Problem details: Only the words of the entries are wanted, repeated exactly and without images.

Data for review:
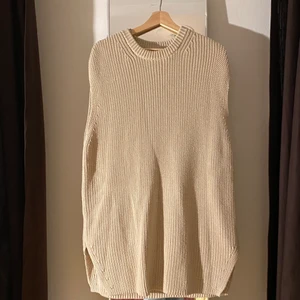 Arket stickad väst - Stickad väst från Arket använd en gång. Oversized, passar XS-L beroende på fit. Köpare står för frakt.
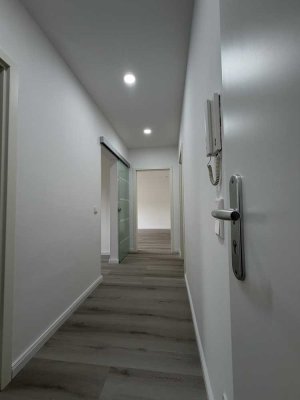 Frisch renovierte 3-Zimmer-Wohnung - Erstbezug nach Sanierung | Balkon | in Bielefeld-Brackwede
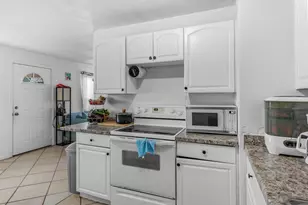 1810 N 16th Ct, Fort Pierce, FL 34950 - Photo 5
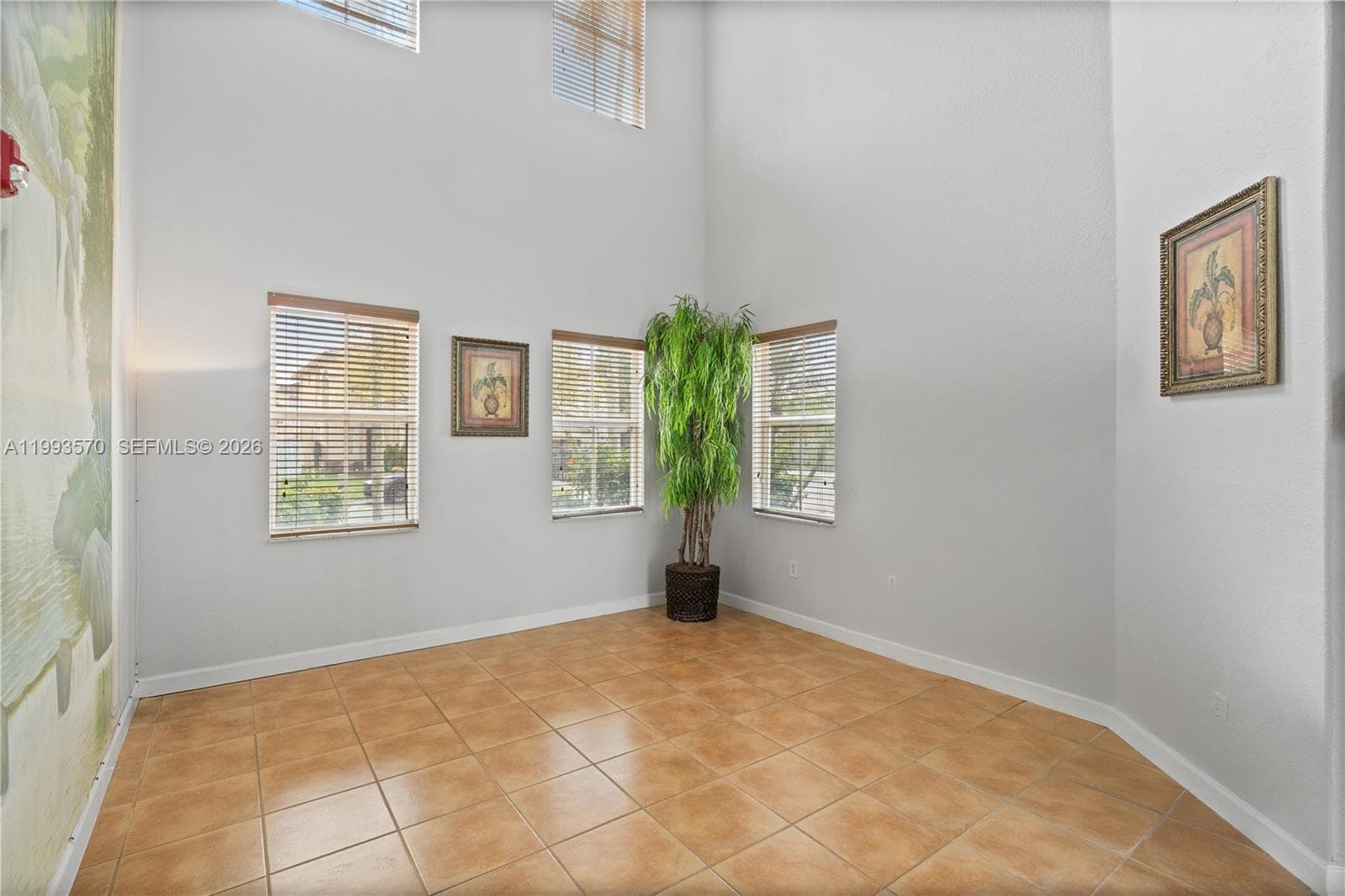 18140 NW 90th Ave, Hialeah FL 33018 — 29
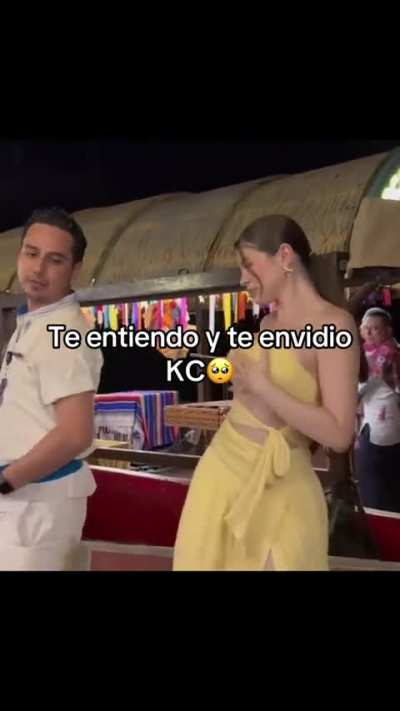 Que rico mueve el culo💕🍑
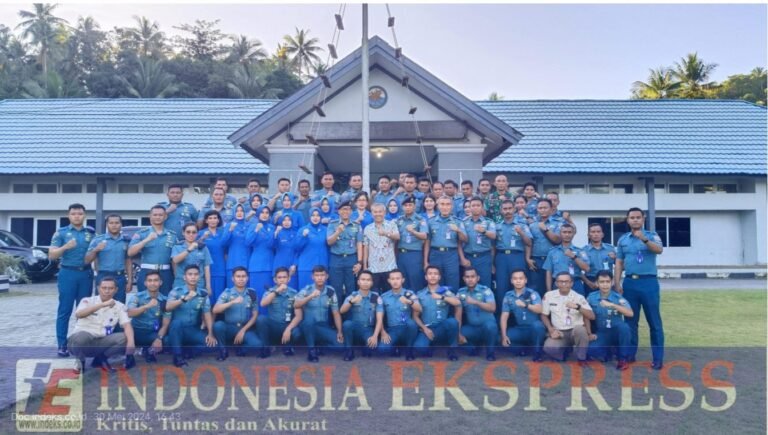 The Power of Togetherness, Prajurit TNI AL Kendari Bersama Motivator Dr. Aqua Dwipayana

Completed exercise:
 Arket stickad väst - Stickad väst från Arket använd en gång. Oversized, passar XS-L beroende på fit. Köpare står för frakt.
 Frisch renovierte 3-Zimmer-Wohnung - Erstbezug nach Sanierung | Balkon | in Bielefeld-Brackwede
 1810 N 16th Ct, Fort Pierce, FL 34950 - Photo 5
 18140 NW 90th Ave, Hialeah FL 33018 — 29
 Que rico mueve el culo💕🍑
 The Power of Togetherness, Prajurit TNI AL Kendari Bersama Motivator Dr. Aqua Dwipayana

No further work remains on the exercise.